=== Section Start ===

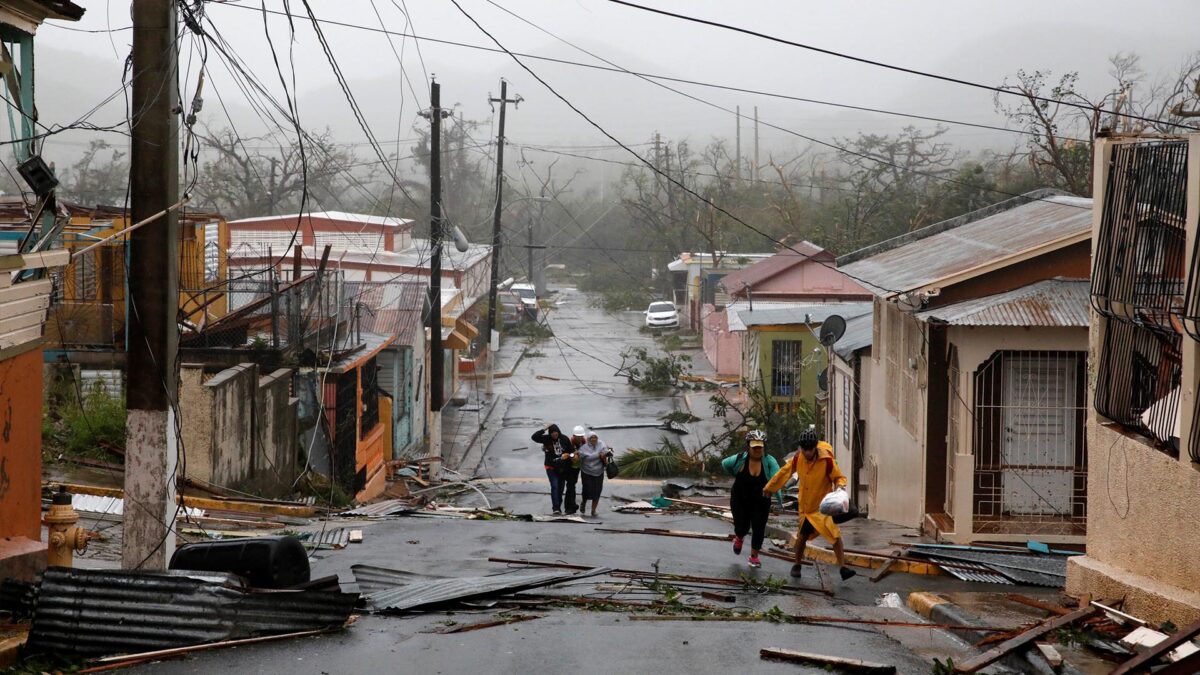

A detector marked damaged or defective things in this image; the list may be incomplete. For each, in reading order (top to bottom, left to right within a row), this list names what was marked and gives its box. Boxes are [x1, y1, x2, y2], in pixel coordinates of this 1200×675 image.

damaged roof [840, 189, 1096, 298]
damaged roof [916, 278, 1096, 328]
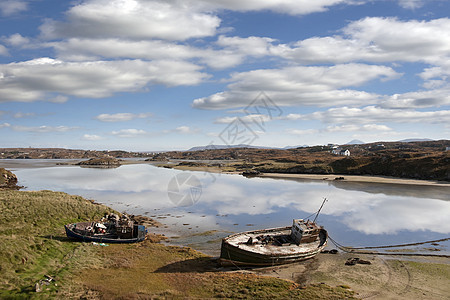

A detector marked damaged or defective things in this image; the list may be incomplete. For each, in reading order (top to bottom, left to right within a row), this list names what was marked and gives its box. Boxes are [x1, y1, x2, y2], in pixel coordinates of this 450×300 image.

rusted metal hull [219, 226, 326, 266]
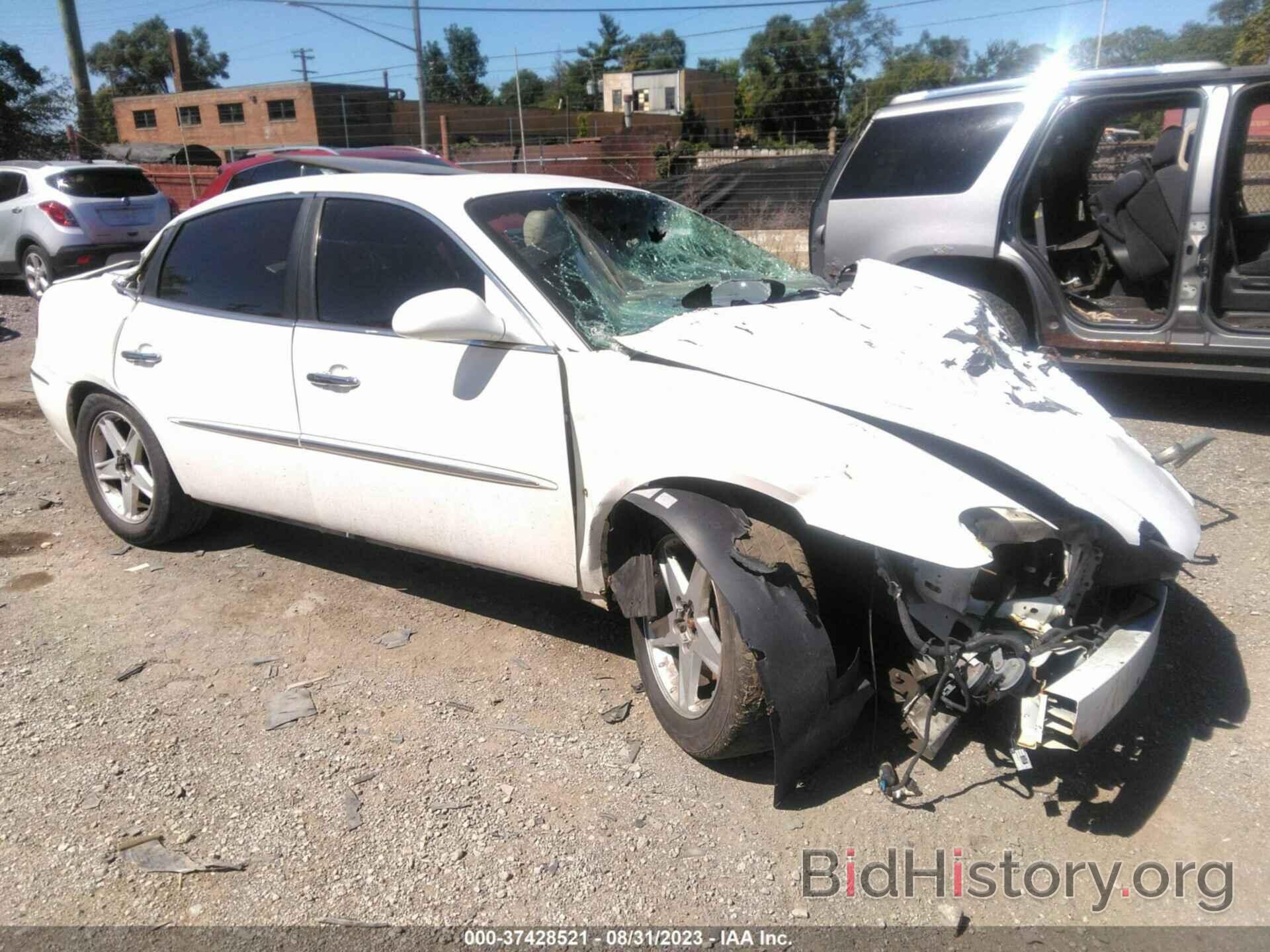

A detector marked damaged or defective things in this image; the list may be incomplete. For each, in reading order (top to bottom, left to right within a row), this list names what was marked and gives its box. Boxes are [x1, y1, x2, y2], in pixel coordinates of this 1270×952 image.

wrecked white sedan [27, 169, 1201, 804]
shattered windshield [471, 188, 831, 346]
damaged hood [614, 257, 1201, 561]
crushed front end [873, 505, 1180, 783]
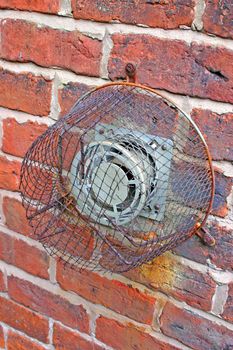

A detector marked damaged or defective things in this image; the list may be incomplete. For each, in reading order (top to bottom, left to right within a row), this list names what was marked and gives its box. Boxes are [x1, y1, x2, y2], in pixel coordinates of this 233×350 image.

rusty wire mesh [20, 82, 214, 274]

=== Section End ===

- Exercise prompt
Working down from the line that contains "this 233×350 image.", retype each line exactly through the last line of the data, and give nothing else.

- Answer below
A detector marked damaged or defective things in this image; the list may be incomplete. For each, in reading order (top to bottom, left to right within a row), this list names what was marked and gives its box. Boxes are [x1, y1, x2, y2], in pixel coordinates of this 233×350 image.

rusty wire mesh [20, 82, 214, 274]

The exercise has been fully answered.